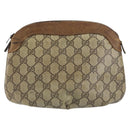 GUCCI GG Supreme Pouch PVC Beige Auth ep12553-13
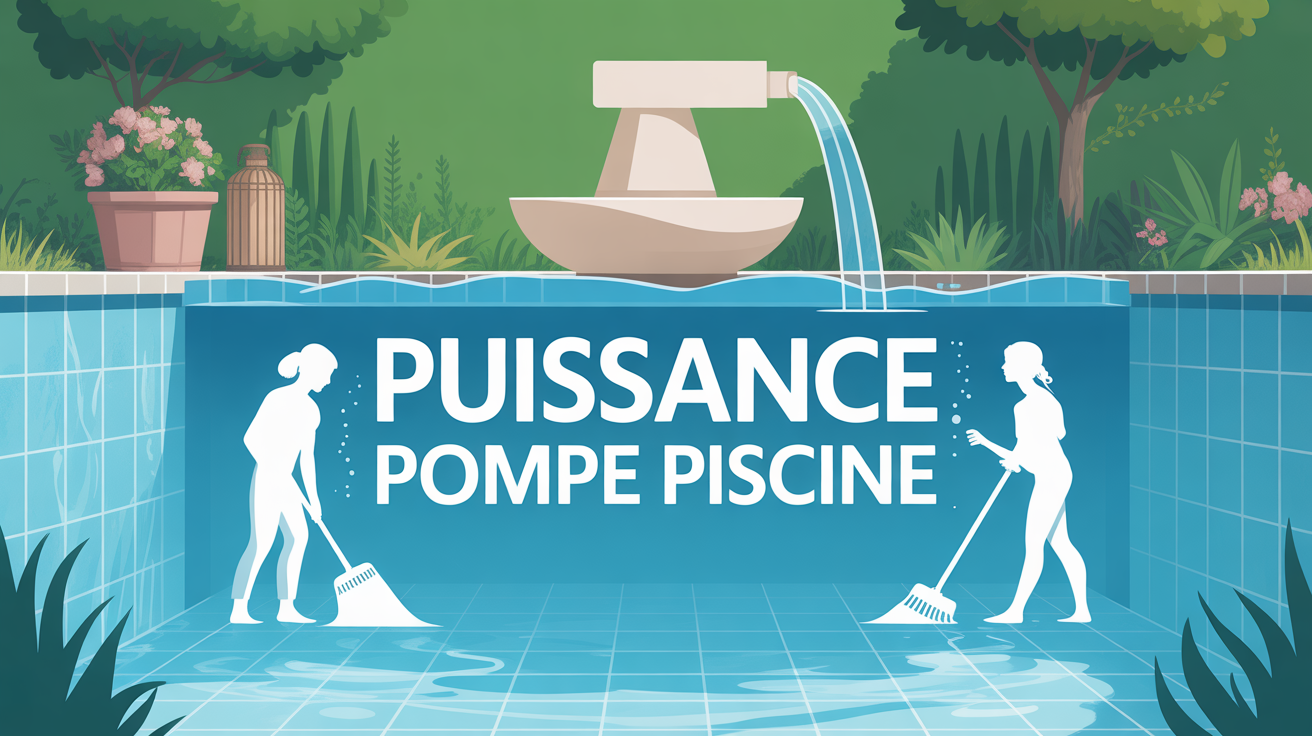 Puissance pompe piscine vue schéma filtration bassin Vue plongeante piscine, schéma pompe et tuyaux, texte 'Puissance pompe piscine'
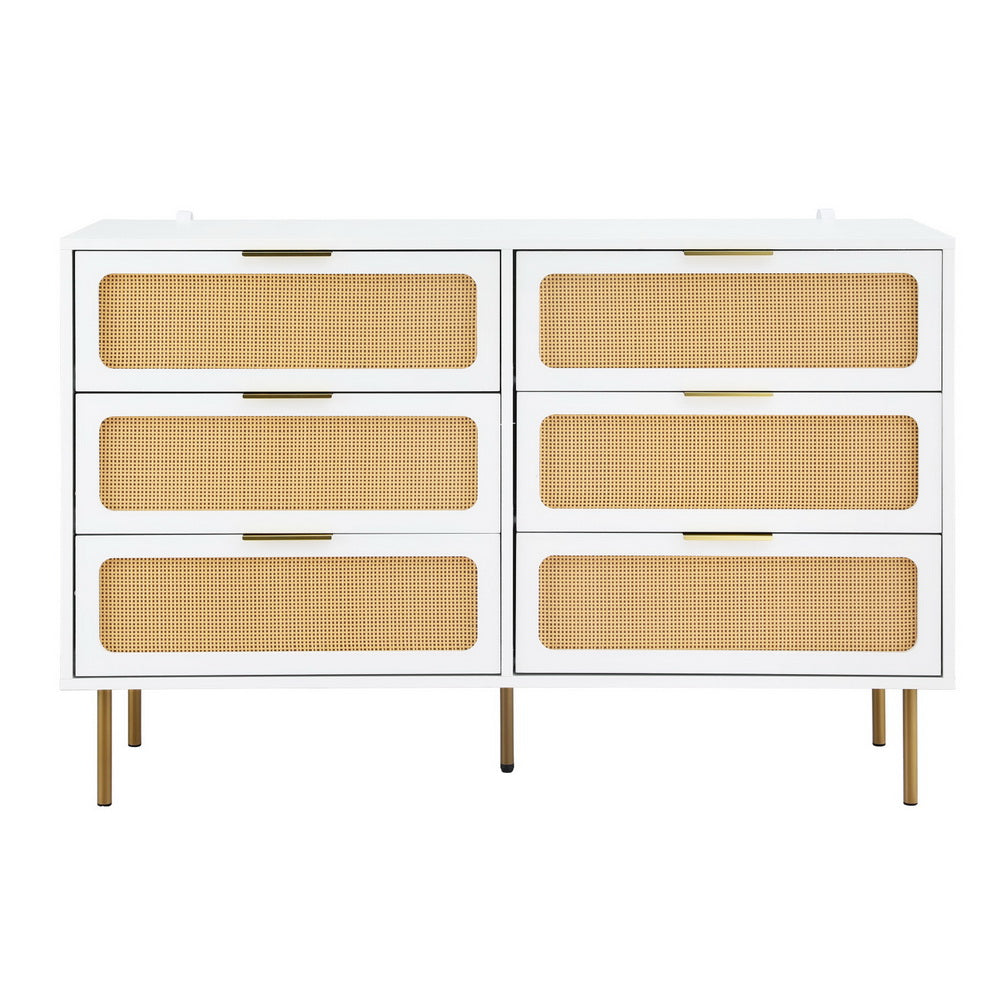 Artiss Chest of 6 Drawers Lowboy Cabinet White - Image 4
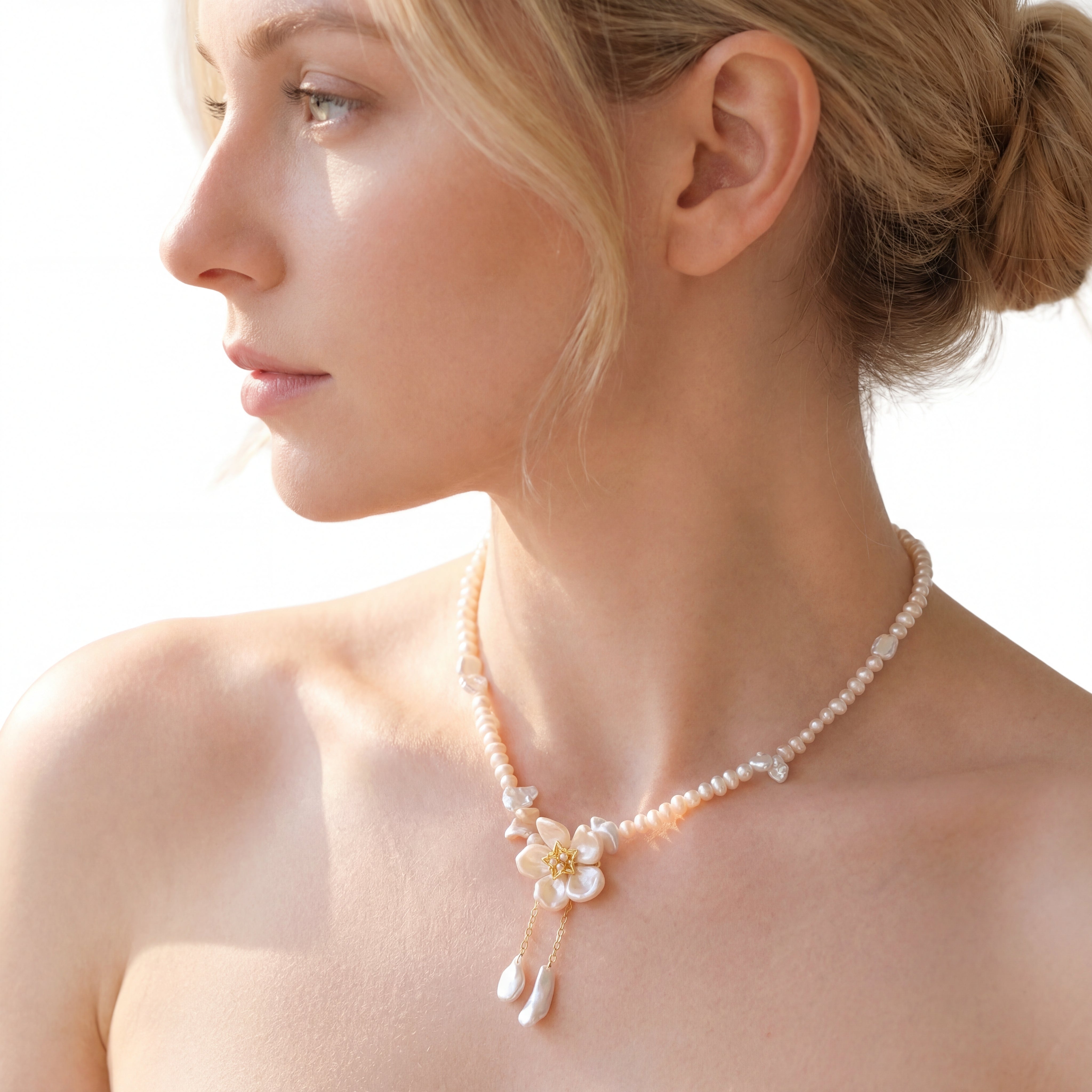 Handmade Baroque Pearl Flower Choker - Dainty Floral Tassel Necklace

■ **Work to be completed**
The full text of the data above, exact and without pictures, is what to return.

■ **Response to this exercise**
 GUCCI GG Supreme Pouch PVC Beige Auth ep12553-13
 Puissance pompe piscine vue schéma filtration bassin Vue plongeante piscine, schéma pompe et tuyaux, texte 'Puissance pompe piscine'
 Artiss Chest of 6 Drawers Lowboy Cabinet White - Image 4
 Handmade Baroque Pearl Flower Choker - Dainty Floral Tassel Necklace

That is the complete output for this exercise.